I'm getting annoyed by the miserable dribble of self-serving wank issuing from the apologists for the banks. Bad deal for shareholders my arse. They backed companies that didn't know what they were doing and exposed themselves to massive, and patently obvious for the last decade, agency risk. Now the tax payer has put itself in hock for the next ten years or more to save the bank and leave them with a chance of making their money back. And still they expect more!
Fuck them. Seriously.
As for Brown... yeah he did an OK job in fixing the crisis, for now at least. Well, the senior civil servants who actually did the work (and according to the FT had a struggle persuading him to act) did a good job. But it's largely a mess of his own making. The explosion in dodgy derivatives and the consequent, crazy ballooning of liquidity ratios came about on his watch. In darker moments I sometimes wonder if he actually wanted this to happen so it would give him a chance to shine. I think he's a selfish fucker in any case. This whole thing is bad for Labour. But it's just as bad for the Tories, as Rich says they can't lay a finger on Labour over this. It really is the collapse of Thatcherite deregulation.

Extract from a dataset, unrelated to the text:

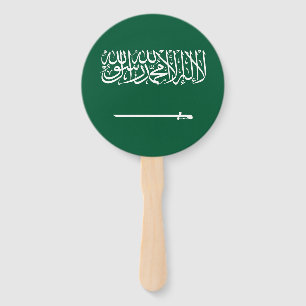 Éventail Drapeau de l'Arabie saoudite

It would benefit the Lib Dems if Vince Cable was in charge but it's my nice but dim local MP instead, so it won't. It is good for Obama, but I don't know if it's good enough; I think we'll find out just how racist America is in three weeks and I think we might get a nasty surprise.

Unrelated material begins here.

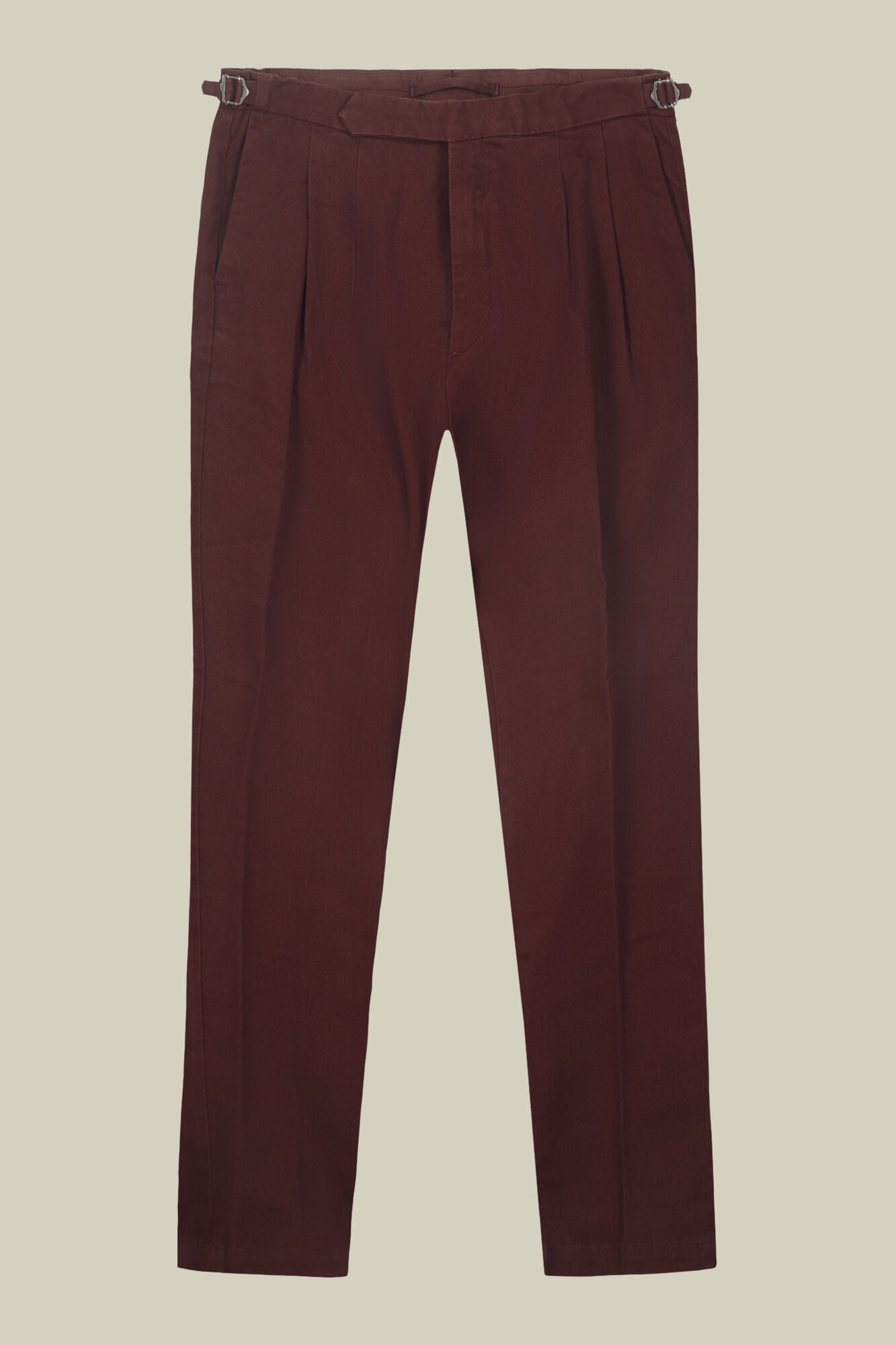 Doppelganger - Pantalone uomo in tela pesante con doppia pince comfort fit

In five years the economy will have bounced back (and in all likelihood another asset bubble will have blown up). Hopefully the good side of hedge funds will re-emerge - that of providing greater transparency and liquidity - though since they have largely been doing the exact opposite of that for the last four or five years (bundling toxic loans with good ones is the very definition of pricing opacity). But stock markets will bounce along the bottom for a good while yet.